[erlang-questions] Designing supervision trees

Tue May 4 14:27:14 CEST 2010

Hi Bernard,

On Mon, May 3, 2010 at 11:23 PM, Bernard Duggan <bernie@REDACTED> wrote:
> Hi list,
>    I'm in the process of going through the design of the supervision tree
> for our application and it's rapidly becoming obvious to me that I could be
> a lot clearer on how supervision trees are "meant" to be structured to make
> a system as fault-tolerant as possible.  Let me ask a couple of concrete
> questions and maybe it will help:
>
> * Is it kosher to have a supervised process (say a gen_server) start its own
> helper process(es) simply using spawn_link()?  It seems like it should be
> fine - any failure of either will propagate over the link, causing them both
> to be shut down and the supervisor will then restart the main one which in
> turn will restart the helper.  I say it "seems like it should be fine", but
> after reading all the supervisor and OTP docs I could lay my hands on I'm
> not really sure if there isn't some good reason to avoid this arrangement.

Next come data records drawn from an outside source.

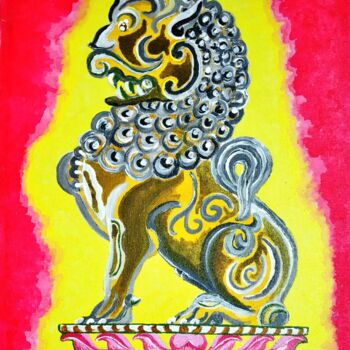 Malerei mit dem Titel "The Majestic Lion" von Kishore Bishoi, Original-Kunstwerk, Acryl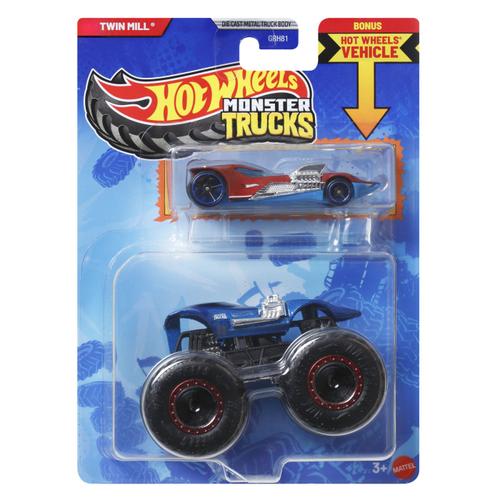 Set 2 masinute Hot Wheels - Monster Truck si masinuta metalica, Twin Mill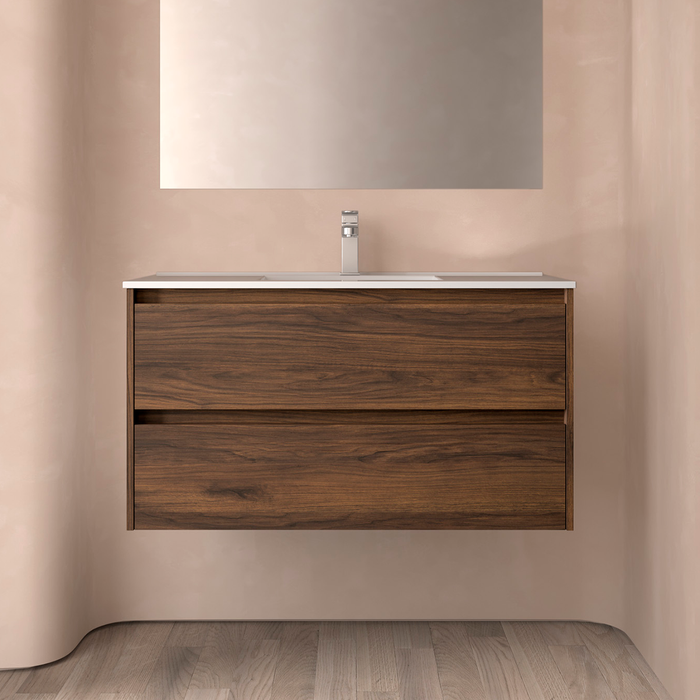 SALGAR NOJA Mueble de Baño con Lavabo 2 Cajones Color Nogal Maya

I think you'll find different opinions here. I prefer to use
supervisors to start and manage processes. If a process needs to
"spawn" something, it might make sense to call add_child on an
appropriate supervisor. You can create a custom add_xxx_child function
on your supervisor module to act somewhat as a factory function.

This lets you fire-and-forget (in particular, using
simple_one_for_one, which can remove children when they terminate) and
avoids messing around with trap_exits in you gen_servers.

> * Let's say I have two processes, A and B.  The state of B is dependent on
> the messages it has received from A.  The particular example I'm dealing
> with is a process (B) who is responsible for starting and stopping apps and
> another (A) which is responsible for synchronising data with a remote store.
>  The apps should be started when we are synced and stopped if we lose
> connection with the store.  I don't necessarily want to merge them in to one
> process because A needs to be relatively responsive to the remote store, but
> the process of starting/stopping apps can take some time.  There may be a
> much better way to arrange this, but I'm not exactly sure what it is...
> So we're up and running, remote store is synced, all the apps are running,
> and B crashes.  I'm trying to figure out the "right" way to manage recovery
> - possibilities I can think of:
> - Have A and B under a one-for-all supervisor so that we just nuke the
> broader state and start it all again (seems like we should be able to
> recover with less impact than this).

This would be my starting point. If you have efficiency concerns about
tearing everything down and rebuilding it, consider breaking what's
expensive *and* independent into a separate supervisory hierarchy --
or its own app.

> - Have B's state stored in an ETS table owned by its parent so that it can
> recover into it's previous state (that seems far too much like global data
> to me).

If it's costly to grab the external state and you need the process
state to recover, this would make sense, I think. Though dets or
mnesia might be a better option for recovery. This might be that
independent component that you move outside your A/B hierarchy that
would survive crashes in those processes.

> - Have B query A for the current state on startup - that would work, except
> that it leaves us with multiple communication methods between A and B, one
> where B asks for the state and one where A pushes state updates - that seems
> a little redundant (and like extra code to maintain which nobody wants).
> - Get rid of B entirely and perhaps have A spawn a temporary processes to do
> app start/stop when required - seems a little messy, and prone to race
> conditions if we do multiple start/stop operations in quick succession...

Yes, that's why the first option (total restart) makes more sense,
IMO. You don't need to get into the game of trying to restore your
state piecemeal. You just trash it all and start from scratch.

> Any thoughts (and pointers to docs that deal with this stuff) are
> appreciated.
>
> As always, thanks if you read this far :)
>
> Cheers,
>
> Bernard

Garrett